The entire city of Port au Prince suffered to one extent or another. The death toll is horrendous, the cost to recover from the damage is staggering, and the long-term effects of the earthquake on survivors may haunt them for the rest of their lives.

I've backed out even farther in the image below, but I wanted to be sure the names of the various neighborhoods in Port au Prince were still shown. I'll highlight the worst damage in these neighborhoods.

Most Americans have heard about Hotel Montana, where many Americans stayed when visiting Haiti. Hotel Montana is in the Petionville neighborhood, in the hills to the southeast of the city center. From the air, there doesn't appear to be much damage. The walls appear to be standing, the roof doesn't look damaged, and there isn't much debris around the building. Reports from people on the ground indicate the inner walls collapsed, and rubble is stacked dozens of feet high within the outer walls. This is one of the drawbacks to using imagery alone for damage assessment - the camera usually can't look inside the walls or through the roof.

This is the Berthe neighborhood, less than a mile from the Hotel Montana. At least half of the buildings have suffered extensive damage, and a large number of them were destroyed.
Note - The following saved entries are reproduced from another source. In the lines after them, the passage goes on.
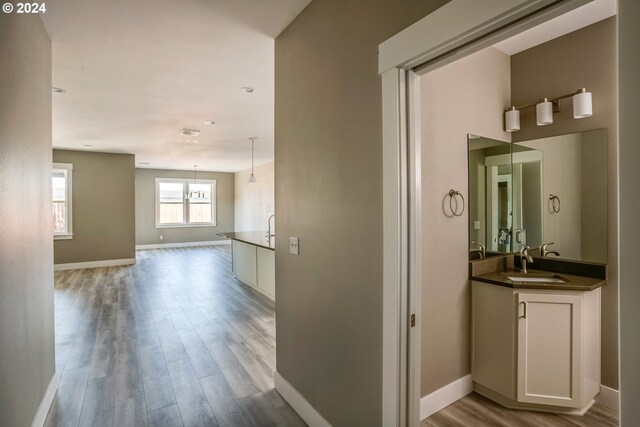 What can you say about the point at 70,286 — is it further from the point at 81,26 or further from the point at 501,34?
the point at 501,34

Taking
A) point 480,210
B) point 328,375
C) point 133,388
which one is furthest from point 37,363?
point 480,210

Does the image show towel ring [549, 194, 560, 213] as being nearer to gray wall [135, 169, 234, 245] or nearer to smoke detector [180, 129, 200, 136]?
smoke detector [180, 129, 200, 136]

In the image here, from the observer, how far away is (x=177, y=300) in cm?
496

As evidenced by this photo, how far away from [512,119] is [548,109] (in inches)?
9.9

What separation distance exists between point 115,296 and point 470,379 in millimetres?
5094

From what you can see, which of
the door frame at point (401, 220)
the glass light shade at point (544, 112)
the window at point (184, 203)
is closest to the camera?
the door frame at point (401, 220)

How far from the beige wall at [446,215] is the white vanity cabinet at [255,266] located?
258 cm

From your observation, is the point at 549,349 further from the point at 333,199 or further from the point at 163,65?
the point at 163,65

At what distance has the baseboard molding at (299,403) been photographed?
2.05 meters

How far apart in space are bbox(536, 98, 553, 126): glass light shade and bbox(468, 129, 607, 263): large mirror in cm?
20

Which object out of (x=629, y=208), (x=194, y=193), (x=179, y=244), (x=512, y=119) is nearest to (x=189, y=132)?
(x=512, y=119)

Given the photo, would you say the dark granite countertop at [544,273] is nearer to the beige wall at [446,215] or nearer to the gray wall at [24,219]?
the beige wall at [446,215]

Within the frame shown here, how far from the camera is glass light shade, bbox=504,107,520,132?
9.01ft

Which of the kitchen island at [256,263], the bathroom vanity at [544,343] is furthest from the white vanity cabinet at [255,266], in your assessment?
the bathroom vanity at [544,343]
These six ridges, facing the southwest, suffered extensive damage. These are areas where many of Haiti's middle class owned homes, and where the damage has destroyed whole neighborhoods.

This image is typical of the areas found on each of the ridges.

Here is another photo, taken of one of the other ridges.

This is a neighborhood near Bois Patate. To the right in the image is another of the many tent encampments - people who have lost their homes, or are afraid to go inside.

This area, in the Saint Gerard neighborhood, is filled with buildings that have been totally destroyed.

This last image is of a village on the southern boundary of the city. The damage is very visible.

All of the neighborhoods in today's post are along the southern boundary of the city. Tomorrow (or later), I'll try to provide some shots of the eastern portions of the city.